Einige Bauschmerzen hatten die Zeitungen dann selbstredend mit dem Hitler-Machwerk Der Untergang, was aber auch leicht zu handhaben war, denn das Reizthema Adolf ist nicht ohne Distanz zu positivieren. Immerhin zeigten danach die französischen Blätter Größe, als sie zur Frankreich-Premiere des Films schrieben, Bruno Ganz sei als Hitler »so überzeugend wie eine Klobürste« und Deutschland erscheine darin »als Opfer der Nazis«. Auch von Die fetten Jahre sind vorbei ist nicht viel zu erwarten. Wieder überschlugen sich die Kulturseiten, wieder ist die herbeigefilmte Konfrontation von Alt-Linken West und den sogenannten Neu-Linken Gesamt nichts weiter als die Konfektionsware, in der sich das Publikum offenbar wohlfühlt.
Apropos links.
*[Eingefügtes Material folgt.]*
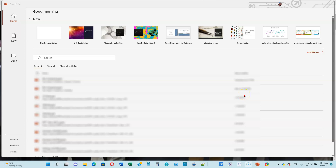This is the first video in PowerPoint module 2 in the Microsoft Office 365 textbook by Shelleen Cashman. We're on page 2-3, and the first thing we want to do after opening PowerPoint is look for more themes.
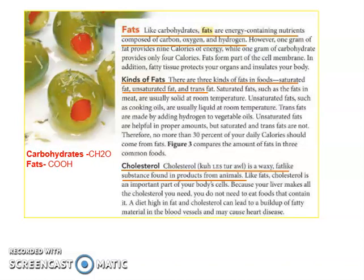Hello girls, we are now in part 2 of the nutrients needed by our body. The first nutrient is carbohydrates, which I discussed in part 1, and now let's continue.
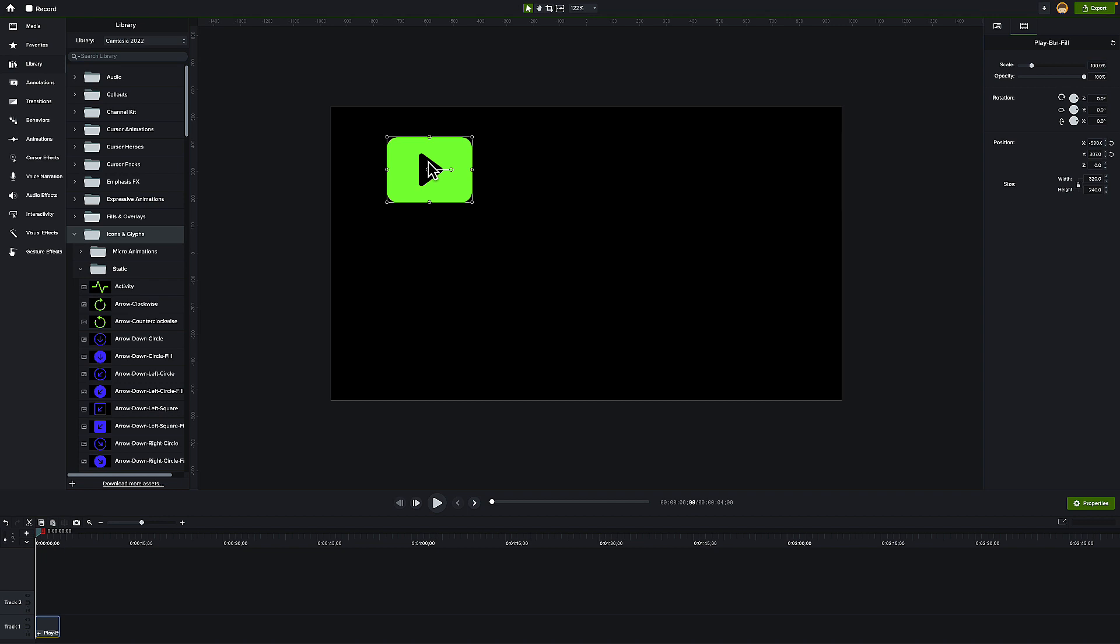This is going to make things a lot quicker and easier if you're consistently putting things in a certain spot. Usually I sit there and copy and paste stuff to make sure things don't move, but having a guide to lock things into place makes it a lot easier and more consistent. I'm a big fan of this change. Let me know what you think and what features you want to see in Camtasia 2023. I'll see you later.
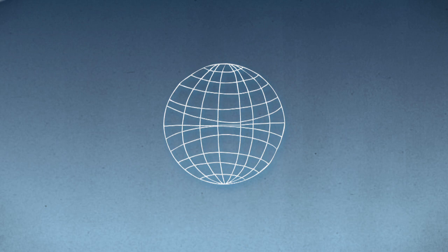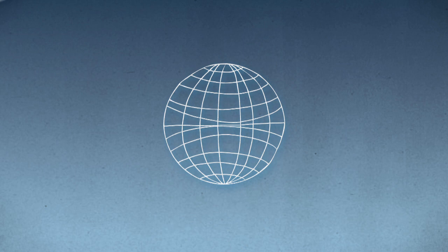If you ask me, it's the prize of a lifetime. But then again, I'm really into paper airplanes. RSVP today, and I'll see you in Tucson.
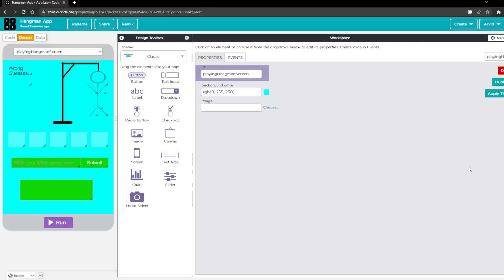Hello, my name is Arvid from Team 18172 Uplift Robotics and today I'm going to be showing you guys how to make a hangman code in App Lab in code.org.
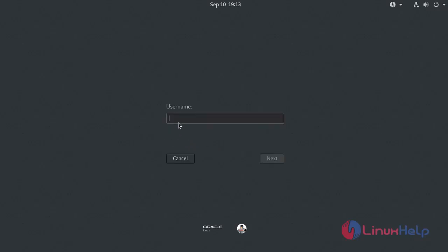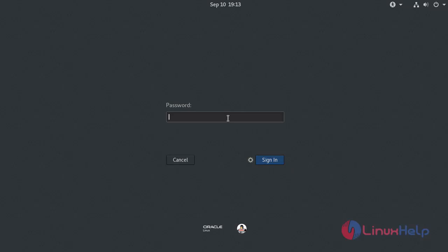Now click 'Not listed' and enter the username as root and click next. Now enter the new password we have created. Now log in as the root user with the changed password. Sign in.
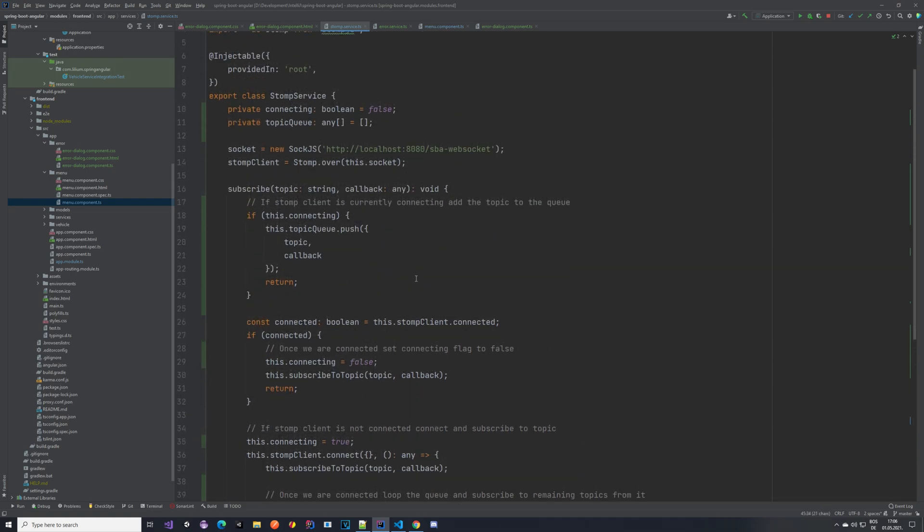One other thing that we could implement, maybe here, is some kind of periodical checks, so maybe every few seconds that we check if there is something in the queue and then we subscribe to it. So that would be one of the nice things that we can do. But yeah, basically this is it.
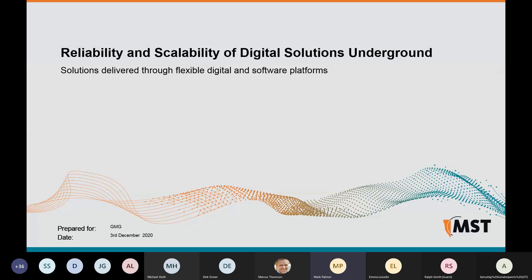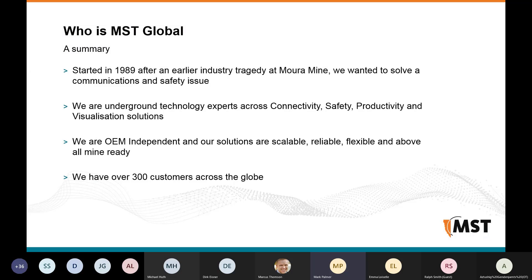Good morning everybody. I'm Mark Palmer, General Manager of Product Management and Marketing for MST Global. I wanted to give you a brief overview of who MST Global is. As a supplier to the industry, we are designers and manufacturers of digital platforms supporting digital transformation in mines, with a long history providing software that brings together hardware systems to deliver connectivity, productivity, and safer environments for our mining customers.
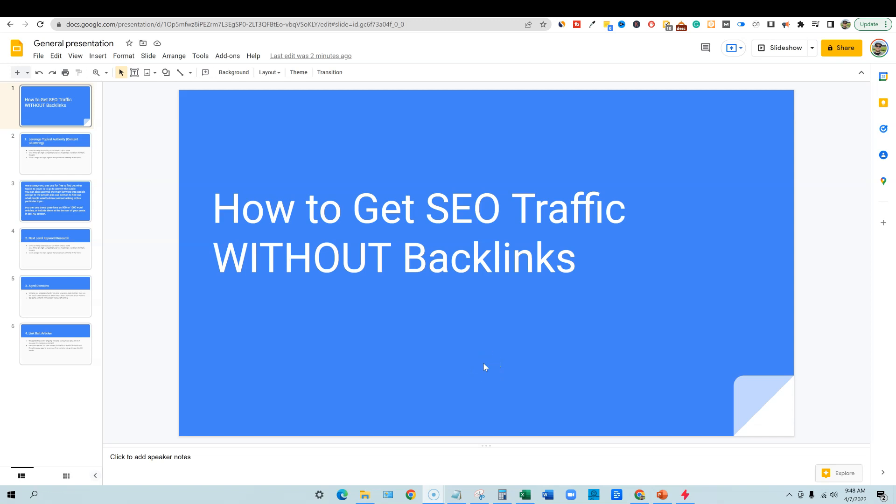All right. Welcome to Learn Wire. In this video, we're going to be looking at how to get SEO traffic without backlinks. It'll be a very informative video and it's not a review today. So, trying out some new content for you guys and let's get started.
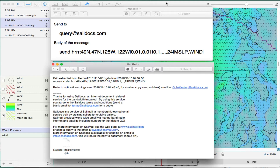Hello, this is David Birch at StarPath School of Navigation with a note of some very exciting news which I actually just learned today, thanks to Brad Baker who let me know about it.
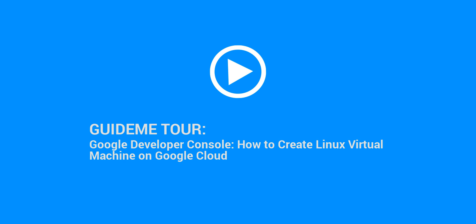Welcome to GuideMe.io, let's learn Google Developer Console, how to create Linux Virtual Machine on Google Cloud.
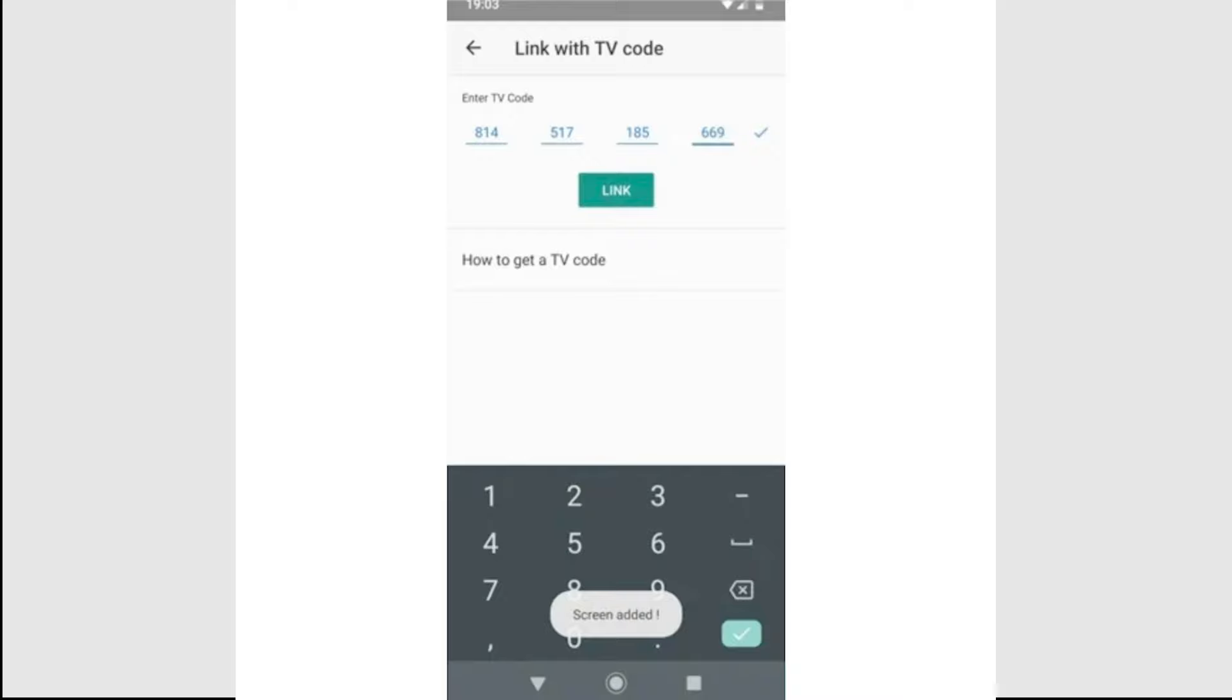Please note that you need to have youtube.com slash tv open in a browser tab to be able to cast it. It won't just automatically open the website if it's closed.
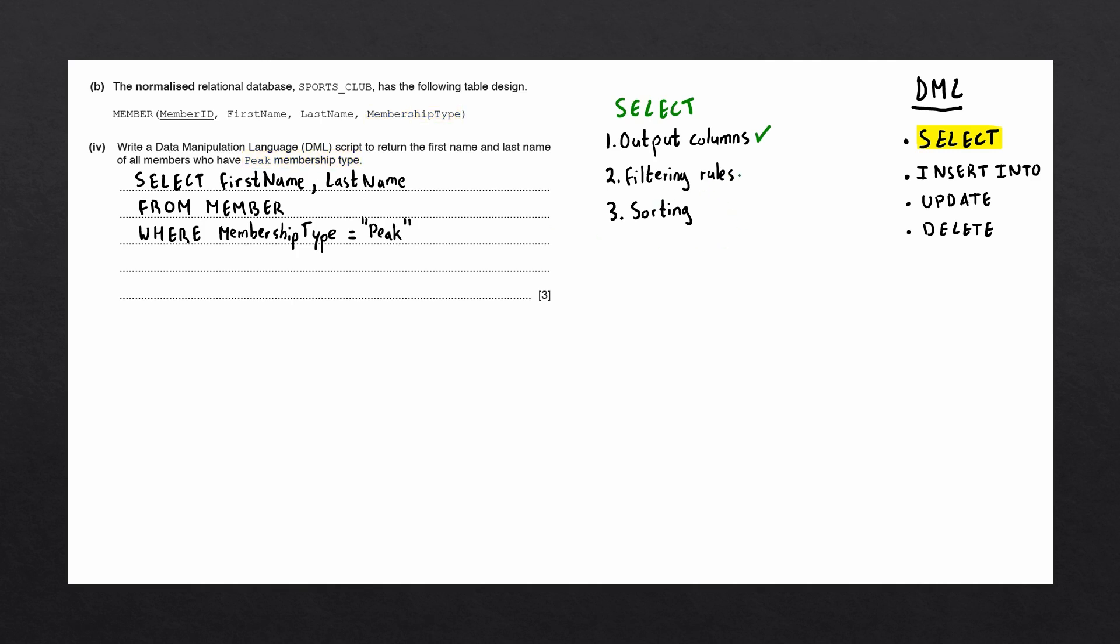Lastly, we want to check if there are any sorting rules in the question. In this case, the question has not mentioned any sorting rules, so we can leave out the order by statements. Make sure to add a semicolon to the end of your script. And that is this question completed.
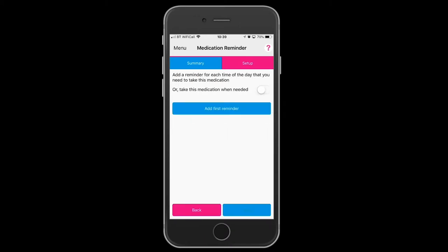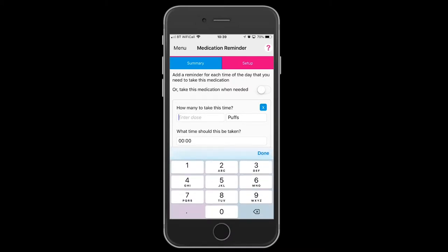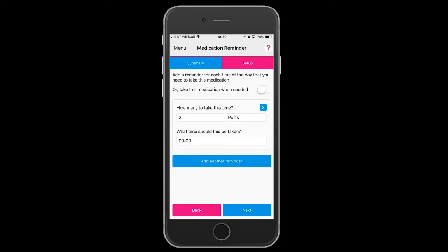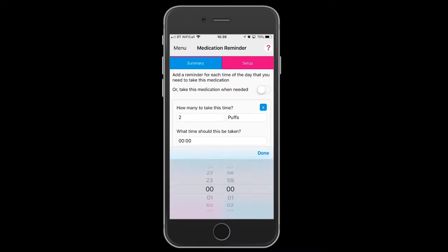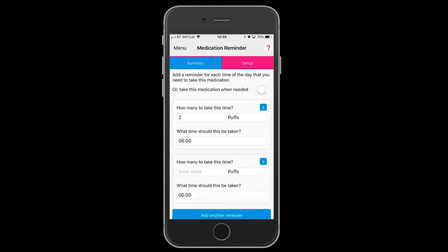Add the first reminder. You can toggle on to take the medication as necessary, or continue to take a recommended number of puffs and a time that you need to take that.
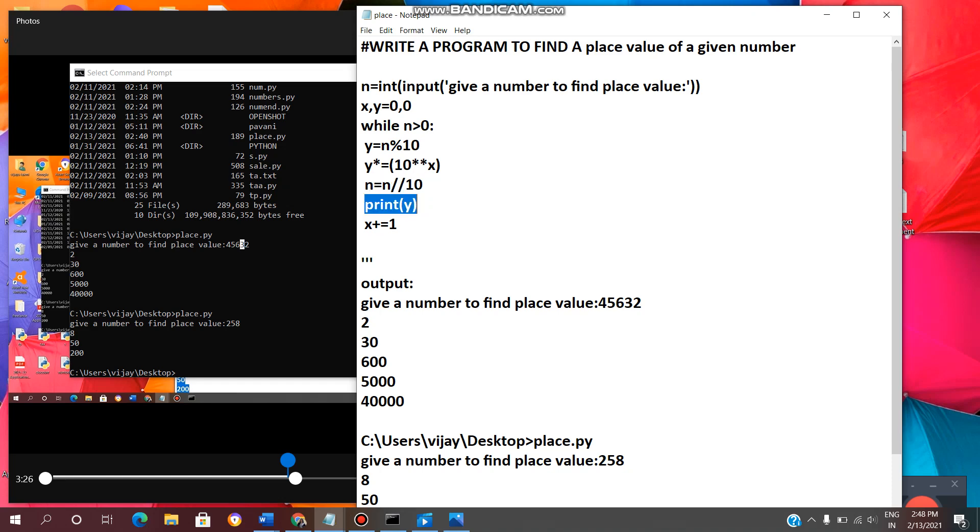Now print y. Here we need to print y value. And we need to increment the value of x by 1. Initial value of x is 0. Now we are incrementing x value by 1. So we need to increment.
Freundliche und kontroverse Filme wie das gelungene spanische Arbeitslosendrama Montags in der Sonne oder die innovative Selbstjustizphantasie Muxmäuschenstill erhielten in den Kritikerspalten weniger Raum.
Es dürfte nicht an den Filmen selbst liegen. Die Filmdepression geht eher von den zum Teil schwachbrüstigen, zum Teil ignoranten Filmjournalisten aus. Filmkritisches Grundmaß, eine klare Sprache und die Vorstellungen von einem gesellschaftlich verantwortlichen Film sind verlorengegangen. Man könnte als Ursache das klassische Argument des Berufs- und Bezahlschreibers anführen, aber meines Erachtens steckt das Problem tiefer. Sozial fehlt die Idee der Emanzipation, filmimmanent basiert der Verlust des Engagements auf der Verschüttung früherer filmischer Möglichkeiten.
So war die Filmveröffentlichung des Jahres 2004 auch kein Film, sondern ein Buch. Genau genommen sind es drei Teilbände der Werke Band 6 von Siegfried Kracauer, dem wohl bedeutendsten Filmkritiker der Weimarer Republik. Mitte vorigen Jahres vom Suhrkamp Verlag herausgebracht, versammeln sie alle Kritiken Kracauers zum Film von 1921 bis 1961.
Kracauer hat in den zwanziger Jahren in seiner Eigenschaft als Filmrezensent der Frankfurter Zeitung wirklich jeden Schrott vom Hofmelodrama bis zur preußischen Schmonzette besprochen. Dieser Schrott wurde aber stets mit den verdienten Urteilen angeprangert. Aussagen Kracauers wie jene, daß die »bourgeoise Moral« vieler Filme »bedauerlich, wenn auch leicht zu erklären« sei, würden mit Sicherheit heute aus den Feuilletonzeilen ins Nirwana der Papierkörbe verbannt. Das Gegengift der kritischen Aneignung Kracauers könnte nur wirken, wenn in die Redaktionsstuben seine Einsicht wiederkehrt, daß Filme »der Spiegel der bestehenden Gesellschaft« sind.